Saturday, March 29, 2008
NO TIME FOR ROSES
When I learned that my grandfather would accompany my parents to our home in December, I was thrilled. My delight was not only because my grandfather had never visited this house, but because the timing of the trip was perfect. Panhandle gardens go dormant during the winter. I was relieved my grandpa would not discover how negligent I'd become with gardening tasks. At 92, my grandfather works in his yard like a man thirty years younger.
Some of his neighbors called my mom last spring and told her, "Your dad was shoveling a load of dirt out of his pickup." He'd fallen in love with amaryllis and was building a huge bed for bulbs in his front yard.
Years ago, before I started writing, I, too, was a passionate gardener. A bed filled with roses, plumbago, periwinkles and crepe myrtles curved along my back fence. Our dinners included dishes with rosemary and mint grown in my herb garden outside the kitchen door. I greeted each day by watering my plants. I even planted the grass in my backyard from seed.

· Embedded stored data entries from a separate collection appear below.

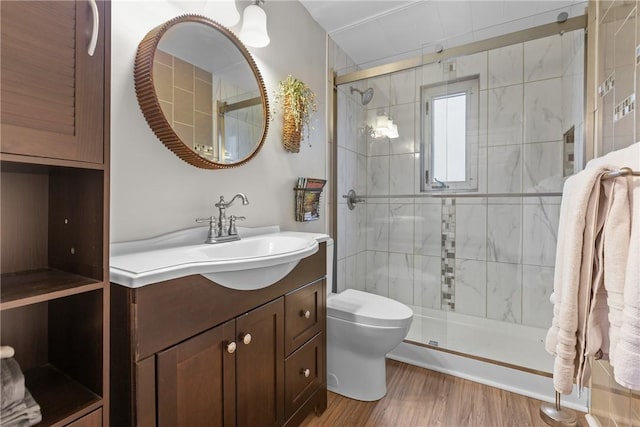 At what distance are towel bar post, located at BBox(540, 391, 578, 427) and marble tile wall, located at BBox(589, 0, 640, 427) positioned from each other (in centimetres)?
10

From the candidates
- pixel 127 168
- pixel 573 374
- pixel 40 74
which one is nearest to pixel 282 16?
pixel 127 168

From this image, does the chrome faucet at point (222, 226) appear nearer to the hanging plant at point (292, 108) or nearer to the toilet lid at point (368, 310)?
the hanging plant at point (292, 108)

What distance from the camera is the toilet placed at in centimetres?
159

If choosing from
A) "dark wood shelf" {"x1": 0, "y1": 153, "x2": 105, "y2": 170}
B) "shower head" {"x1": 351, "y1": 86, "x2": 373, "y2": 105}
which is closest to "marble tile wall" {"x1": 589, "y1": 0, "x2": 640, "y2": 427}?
"shower head" {"x1": 351, "y1": 86, "x2": 373, "y2": 105}

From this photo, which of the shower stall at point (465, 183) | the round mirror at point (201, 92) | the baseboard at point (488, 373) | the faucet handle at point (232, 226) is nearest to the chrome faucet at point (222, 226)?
the faucet handle at point (232, 226)

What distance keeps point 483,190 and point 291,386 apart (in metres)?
1.94

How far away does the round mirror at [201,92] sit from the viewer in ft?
3.64

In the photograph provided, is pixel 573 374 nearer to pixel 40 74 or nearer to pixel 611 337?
pixel 611 337

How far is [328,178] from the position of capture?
231cm

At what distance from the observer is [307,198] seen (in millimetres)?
1950

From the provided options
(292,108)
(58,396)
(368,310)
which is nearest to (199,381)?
(58,396)

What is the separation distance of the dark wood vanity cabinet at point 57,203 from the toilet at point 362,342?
3.85 feet

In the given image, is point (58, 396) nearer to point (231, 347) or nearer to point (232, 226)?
point (231, 347)

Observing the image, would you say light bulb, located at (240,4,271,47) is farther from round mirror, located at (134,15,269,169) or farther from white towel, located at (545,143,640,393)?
white towel, located at (545,143,640,393) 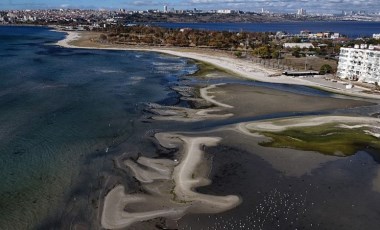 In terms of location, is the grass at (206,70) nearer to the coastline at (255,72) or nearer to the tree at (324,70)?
the coastline at (255,72)

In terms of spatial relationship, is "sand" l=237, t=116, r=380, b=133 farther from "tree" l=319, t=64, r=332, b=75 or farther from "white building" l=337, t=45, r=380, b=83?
"tree" l=319, t=64, r=332, b=75

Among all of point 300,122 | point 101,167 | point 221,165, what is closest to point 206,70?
point 300,122

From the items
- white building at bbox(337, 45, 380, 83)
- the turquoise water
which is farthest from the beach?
white building at bbox(337, 45, 380, 83)

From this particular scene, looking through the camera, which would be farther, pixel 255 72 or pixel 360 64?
pixel 255 72

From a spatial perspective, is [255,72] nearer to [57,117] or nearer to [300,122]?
[300,122]

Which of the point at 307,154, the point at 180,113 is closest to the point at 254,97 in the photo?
the point at 180,113

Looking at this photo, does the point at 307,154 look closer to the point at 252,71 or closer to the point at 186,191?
the point at 186,191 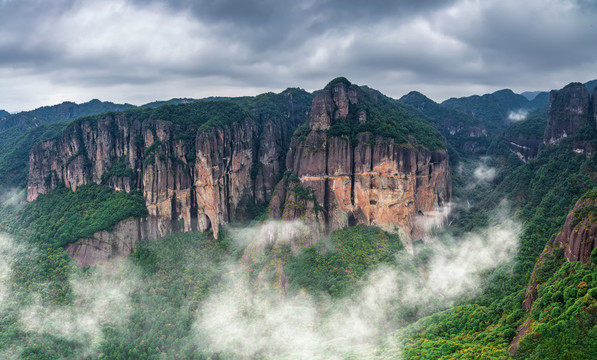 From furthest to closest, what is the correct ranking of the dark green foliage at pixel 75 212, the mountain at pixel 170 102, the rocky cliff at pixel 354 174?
the mountain at pixel 170 102 → the rocky cliff at pixel 354 174 → the dark green foliage at pixel 75 212

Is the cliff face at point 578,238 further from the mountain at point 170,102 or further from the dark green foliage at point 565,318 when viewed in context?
the mountain at point 170,102

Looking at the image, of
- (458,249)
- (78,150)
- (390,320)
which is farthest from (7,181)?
(458,249)

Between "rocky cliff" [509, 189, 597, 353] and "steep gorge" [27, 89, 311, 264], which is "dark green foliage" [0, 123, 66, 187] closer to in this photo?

No one had to tell me when to pull the weeds or prune my rose bushes. I knew. Those years, tending my garden was my bliss.
Then I moved to Amarillo and began to write fiction. I still piddled in the yard, but more and more, pens replaced shovels and pruners. I toiled with words instead of soil. Writing had become my bliss.
I'm not suggesting that writing should replace all other pleasures. As writers we must remain participants in life. Or how would we have anything to write about? But, I believe, to do one passion well demands selfish amounts of time. For me, that passion is writing.
In her book, Writing Alone and With Others, Pat Schneider tells how she came to this same conclusion. "Suddenly I saw that I had to make a choice. I said to myself, you can't have it all...that day I folded up the quilt patterns and scraps of cloth. I stopped making jelly; I gave up sewing forever. Because I wanted most to be a writer."
Knowing that writing deserves my attention doesn't keep me from wincing at the weeds surrounding the grape hyacinths. And I occasionally dream of the day I'll return to the garden with the same gusto as years before.
Last winter, when my grandfather arrived at our home, he studied our backyard and said, "Your roses need a good cutting back. You should do it now before spring settles in."
It is spring. The roses will bloom soon. I didn't heed my grandfather's warning. But last month I did finish a new manuscript.